We walked through a small park where a couple of young mothers supervised small children playing on swings.
“Do you know Berlin?” he began.
“I got here yesterday,” I answered.
“It’s quite a place. Perhaps you’ll get a chance to become acquainted.”
“I don’t plan to stay long.”
He nodded, tossed his butt aside, and opened a new pack. He offered me one again, and I remembered the HBs that were in my pocket. “I’ve got my own.” I dug into the crumpled pack.
“Suit yourself.” He had a deep, raspy voice, a result of the smokes, no doubt. His English was heavily accented but good. It was time to get down to business. I lit one of the HBs off his lighter and went fishing.
“You a diplomat?”
“In the Foreign Office I hold the position of Director for North American Political Studies. In fact, I’m an officer in the Ministry for State Security. I hold the rank of colonel.”
It was a stunning piece of news that was said in such a matter-of-fact way that I had to replay it in my head. A colonel in the Ministry for State Security—the infamous STASI—doesn’t generally blow his own cover, especially not to a member of the opposition, which is how I assumed he saw me. If he was planning to defect… I tried not to jump the gun. He was controlling the meeting.
“And how do I know that you are who you say you are?” I asked.
“I haven’t said who I am. I’ve said what my job is.”
“Would you like to tell me your name?”
A comer of the Colonel’s mouth showed a trace of a grin. “No, I wouldn’t care to do that.”
“You know mine,” I said, hoping it might draw him on the big question that was still bouncing around my head—why me?
“Then I have the advantage.” He stopped, watched a young boy climb up the slide. “But only for the moment.” He stubbed out another cigarette, but didn’t light another this time. I had a feeling he was about to walk away.
“So … Here we are, alone at last.” I sat down on a park bench, hoping he’d follow. “What do you wanna talk about?”
He remained standing, watching me and the surroundings at the same time. “I may decide to provide you with some information.”
“That could be arranged—”
“I want to be clear,” he interrupted, showing the first sign of emotion. “I have no intention of defecting or becoming a double agent.”

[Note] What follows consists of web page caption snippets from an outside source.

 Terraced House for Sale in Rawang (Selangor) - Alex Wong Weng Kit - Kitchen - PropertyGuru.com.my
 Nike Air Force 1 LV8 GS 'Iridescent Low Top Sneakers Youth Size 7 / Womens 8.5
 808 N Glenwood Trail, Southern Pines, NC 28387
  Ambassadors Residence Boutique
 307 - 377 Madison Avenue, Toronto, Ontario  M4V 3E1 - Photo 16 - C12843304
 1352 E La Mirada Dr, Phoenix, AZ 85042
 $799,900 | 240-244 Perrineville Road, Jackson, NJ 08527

“Fair enough,” I said, wondering where he was heading then. I decided I had nothing to lose by being direct. “Why did you ask for me?”
The Colonel paused to think about his answer. “Does it matter?”
“I came a long way,” I said. “It’d be nice to know why.”
He nodded slowly, then offered his hand. “It was a pleasure to meet you.”
“Is that it?” I blurted out as I stood up. I wished I hadn’t pushed him, but it was too late to take it back.
“Thank you for coming,” he added, pressing his palm into mine. “I hope you enjoy your stay in Berlin.”
As he turned and walked briskly away I realized there was a small scrap of paper in my hand. I slipped it into my pocket and looked around. One of the young mothers had come over to help her son down from the slide, and I thought she turned away too quickly when I looked over at her. I looked back toward the Colonel, but he was gone.
For the first time I realized just how far out on a limb I was.